Posted at: 03/19/2013 4:36 PM
Updated at: 03/20/2013 6:52 AM
By: Mark Albert
A "Homeowners Bill of Rights" to strengthen foreclosure protections for struggling homeowners in Minnesota is under construction at the Capitol and, like many remodeling jobs, this one is requiring compromise and patience.
As one foreclosure bill came up for committee debate Tuesday afternoon, a person involved in the crafting of legislation in both legislative chambers described the current coalition as "fragile" but holding, and one that is proving so far to be bipartisan.
Rep. Melissa Hortman (DFL-Brooklyn Park), is authoring a bill (HF1377; companion SF1276 by Sen. Patricia Torres Ray, DFL-Minneapolis) which would codify federal protections - such as prohibiting "dual-tracking" where banks simultaneously foreclose on a home while in loan modification talks with the homeowner - into Minnesota law.
"It doesn't make you feel very good," explained Rep. Hortman in an interview, "if you find out that your home has been taken but your bank really should have complied with some federal rule in Washington DC."
"My objective is to make it so you stay in that house," she said.
Rep. Joe Hoppe (R-Chaska), the top Republican on the House Commerce and Consumer Protection Finance and Policy, told 5 EYEWITNESS NEWS he would vote for the DFL-sponsored bill in committee, calling it "a pretty good bill," and adding, "I hope it helps a little."
Other proposals, like a moratorium on bank foreclosures, do not appear to have enough support from lawmakers to make it into legislation that can pass this session.
There were 17,895 foreclosures in Minnesota last year, a 16 percent decrease from 2011, according to figures from the Minnesota Homeownership Center.
Foreclosures peaked in Minnesota in 2008, when lenders foreclosed on 26,265 properties, the data showed.
Occupy Homes activists, including Cat Salonek, who are holding vigil at a foreclosed south Minneapolis home to prevent Wells Fargo, which owns the home, from evicting a mother of four who moved into the vacant home in February, criticized the current direction of talks at the Capitol as insufficient.
"It's difficult to compete with well-paid lobbyists," Salonek said. "I believe that homeowners at this point have a right to principal reduction, I believe that our government should impose a moratorium on the banks until they can prove that their unjust banking policies are not kicking families out of their homes."
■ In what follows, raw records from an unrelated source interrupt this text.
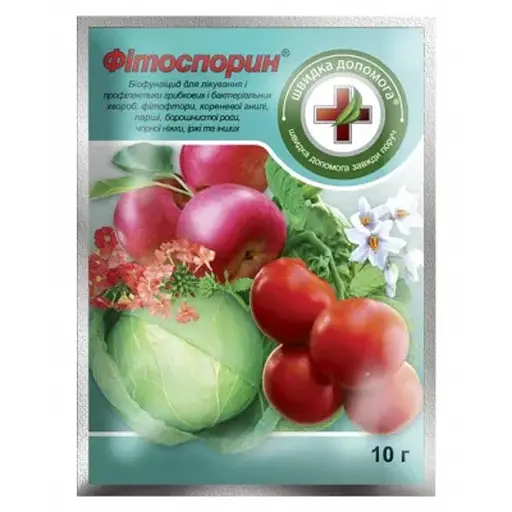 Фунгицид Кисон Скорая Помощь "ФітоСПОРИН 10 г"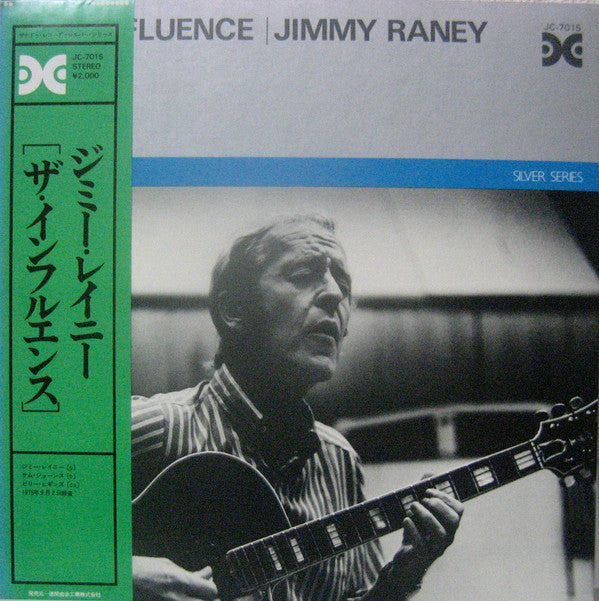 Jimmy Raney - The Influence (LP, Album)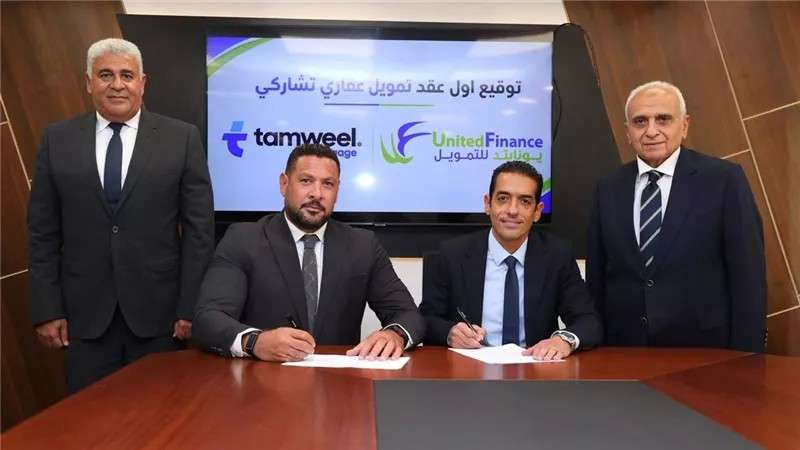 بلدنا نيوز الاقتصادي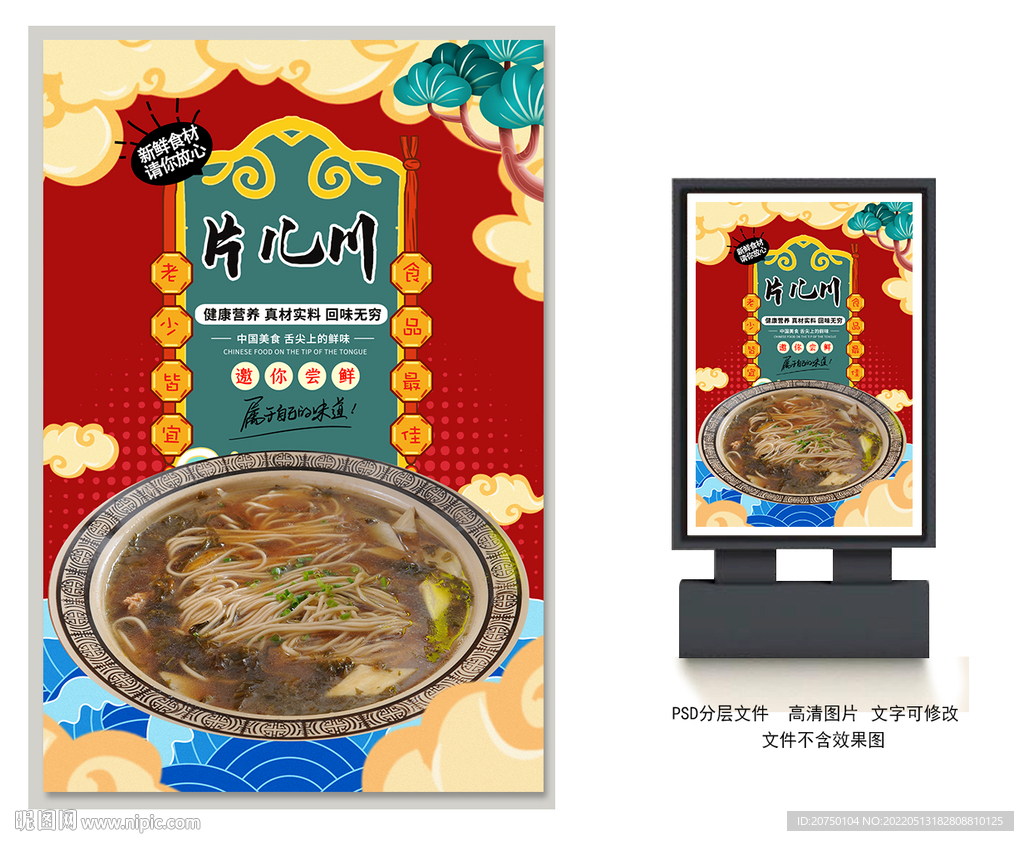 片儿川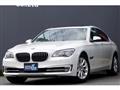 2014 BMW 7 Series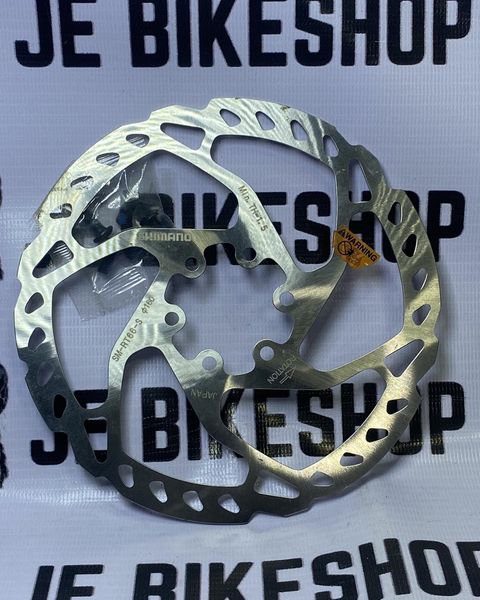 Shimano six-bolt RT66-S 160mm rotor for MTB and road bikes.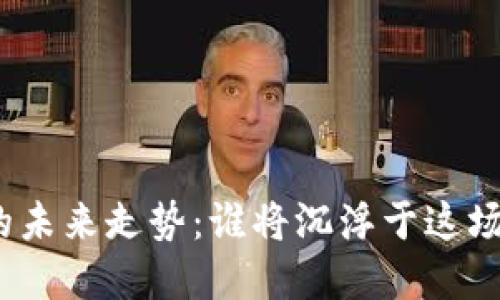 数字货币的未来走势：谁将沉浮于这场金融革命?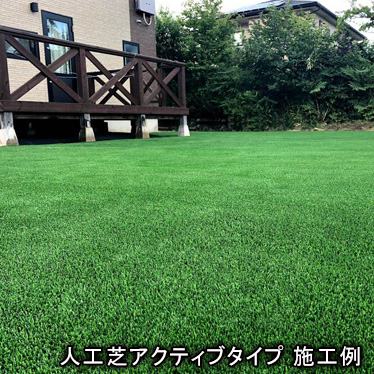 アクティブタイプを施工したお庭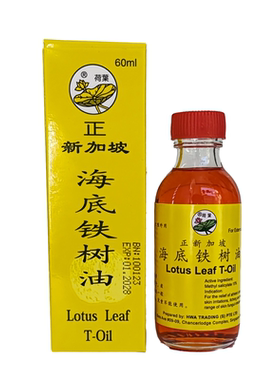荷叶牌海底铁树油新加坡富贵手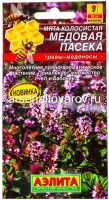 Семена Мята колосистая Медовая пасека 0,05 гр цветной пакет годен до 31.12.2027 (Аэлита)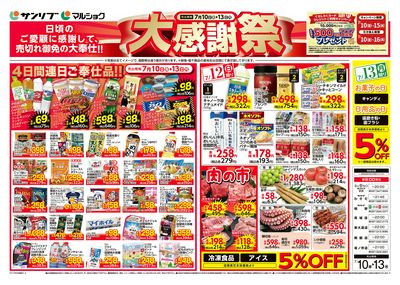 260710_大感謝祭_裏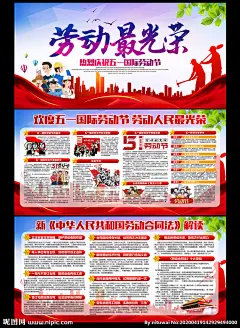劳动节宣传 劳动节展板 劳动节板报 劳动节知识 劳动节介绍 劳动节节日 五一宣传栏 劳动节宣传栏 五一劳动节 劳动节活动 劳动节背景 五一舞台背景 五一晚会背景 庆祝五一 喜迎五一 国际劳动节 51劳动节 51背景 文艺晚会 文艺演出 文艺汇演 舞台背景 活动背景 五一展板 校园劳动节 设计 广告设计 广告设计 300DPI PSD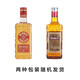 奥美加（OLMECA）龙舌兰酒 墨西哥进口洋酒 调酒基酒 700mL 1瓶 奥美加金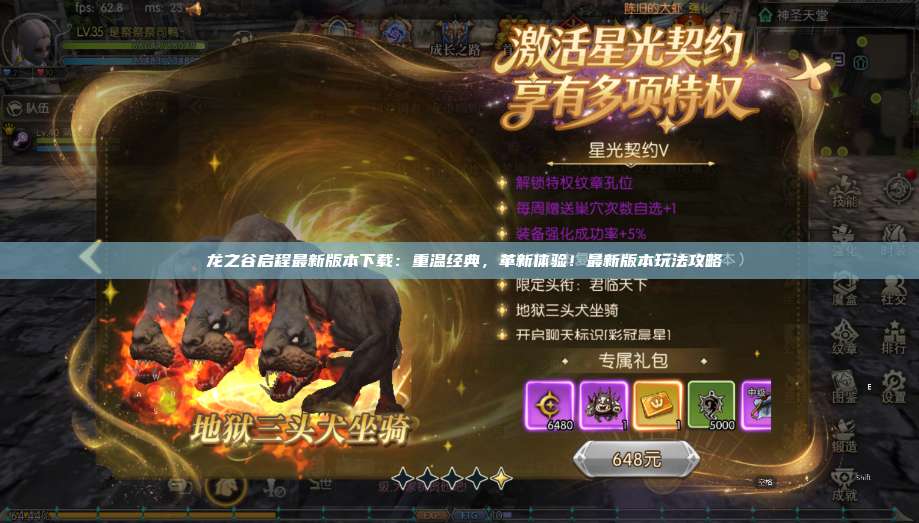  龙之谷启程最新版本下载：重温经典，革新体验！最新版本玩法攻略 第1张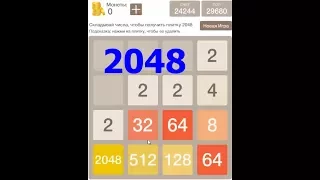 Тактика в игре 2048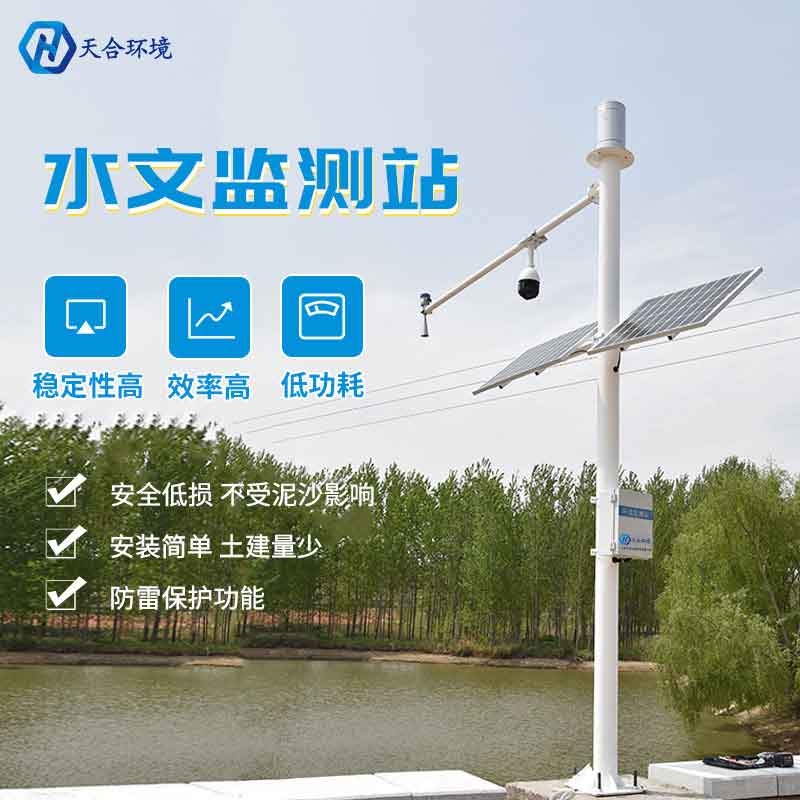 水位雨量流速流量監(jiān)測(cè)儀設(shè)備概述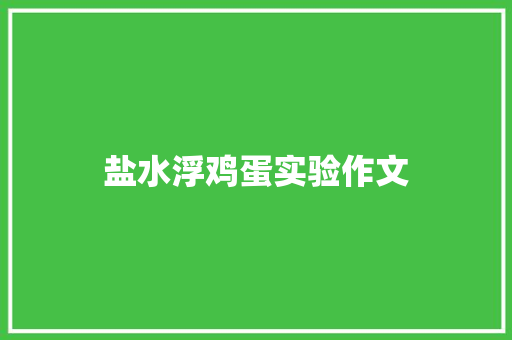 盐水浮鸡蛋实验作文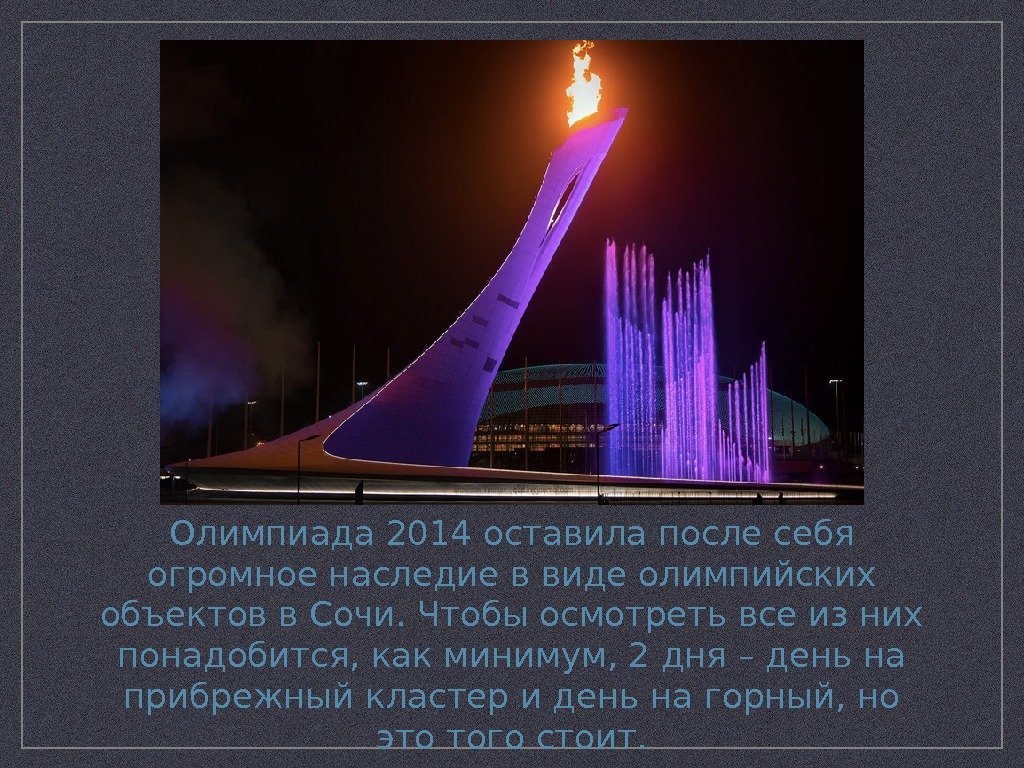 Олимпиада 2014 оставила после себя огромное наследие в виде олимпийских объектов в Сочи. Чтобы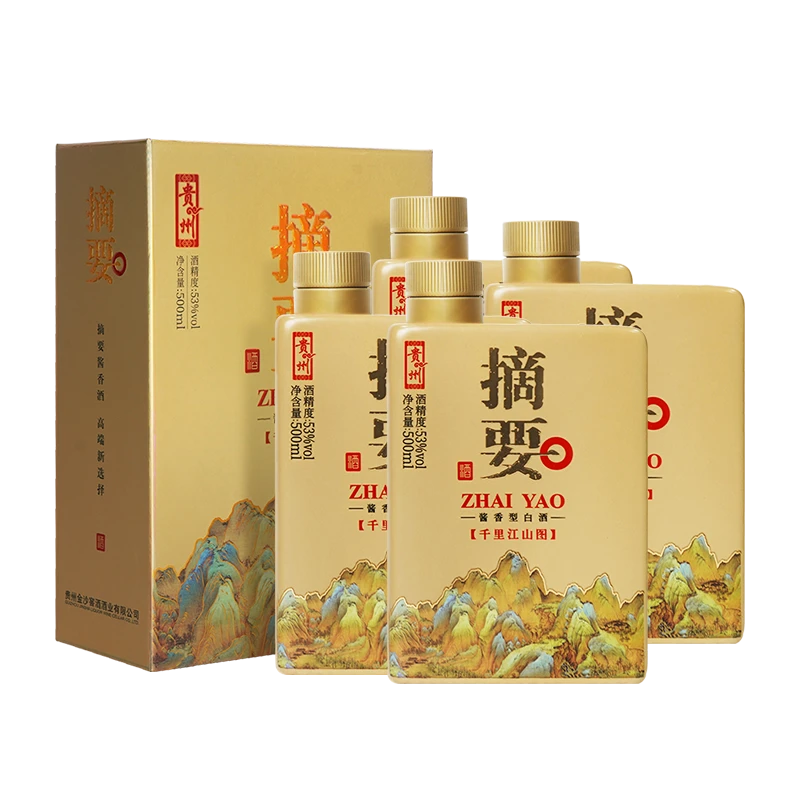 金沙摘要 千里江山图 53度酱香型白酒500ml53%Vol500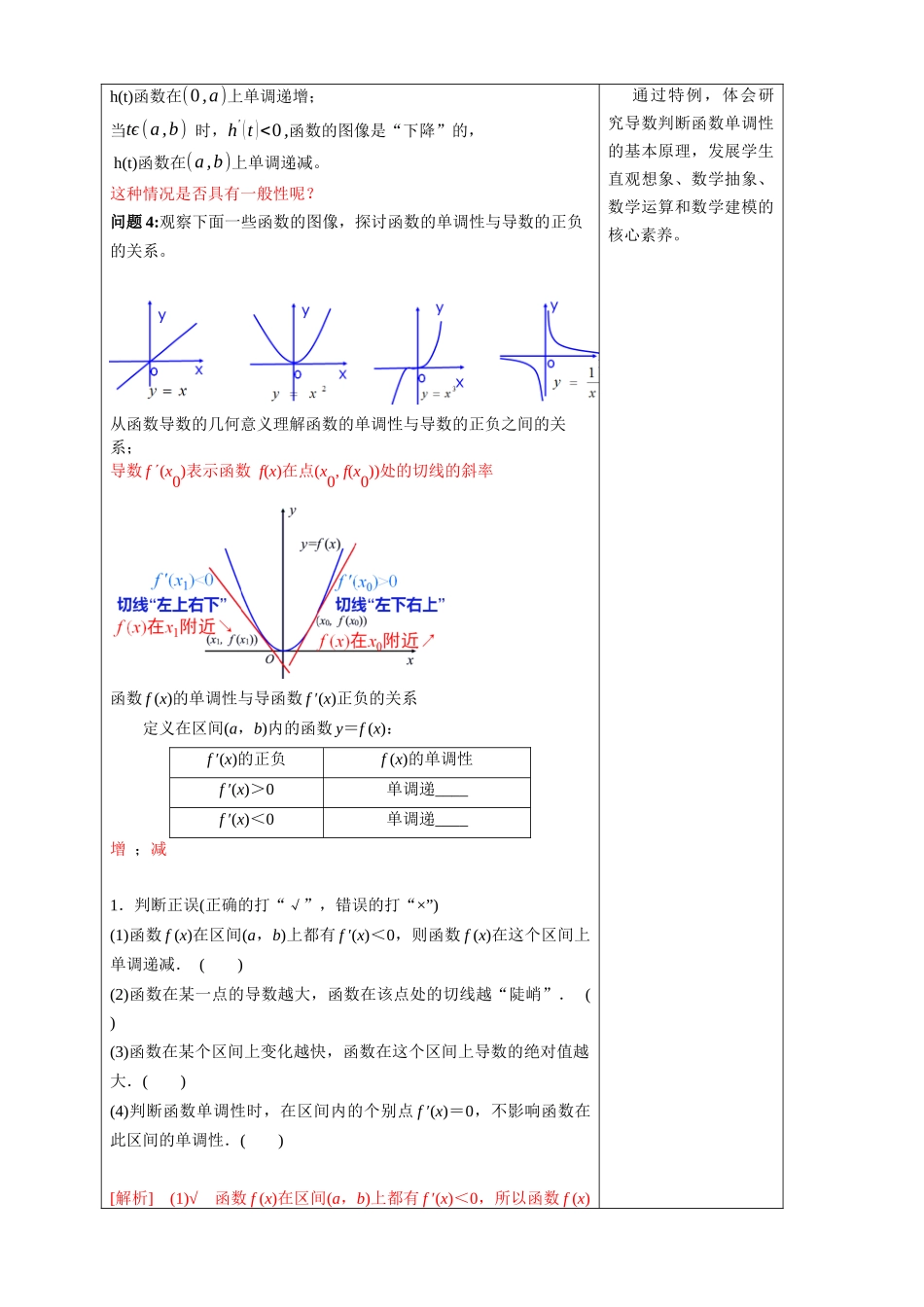 5.3.1函数的单调性教学设计-（新教材 新高考高中数学）-2021-2022学年高二上学期数学（人教A版（2019）选择性必修第二册）.docx_第3页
In a statement regarding the south Minneapolis property, Wells Fargo said:
"The trespassing at this property is counterproductive to addressing real housing issues. The property lacks running water and there are a number of other hazards, making it unfit for habitation by anyone, especially children. Wells Fargo works hard to provide real support to communities that have experienced high rates of foreclosure. We've given $10 million annually to Minnesota nonprofit organizations, community groups and local schools. In 2011 alone, Wells Fargo provided $71.9 million in community development loans and investments for affordable housing in Minnesota. We're proud of our ongoing support for the local community."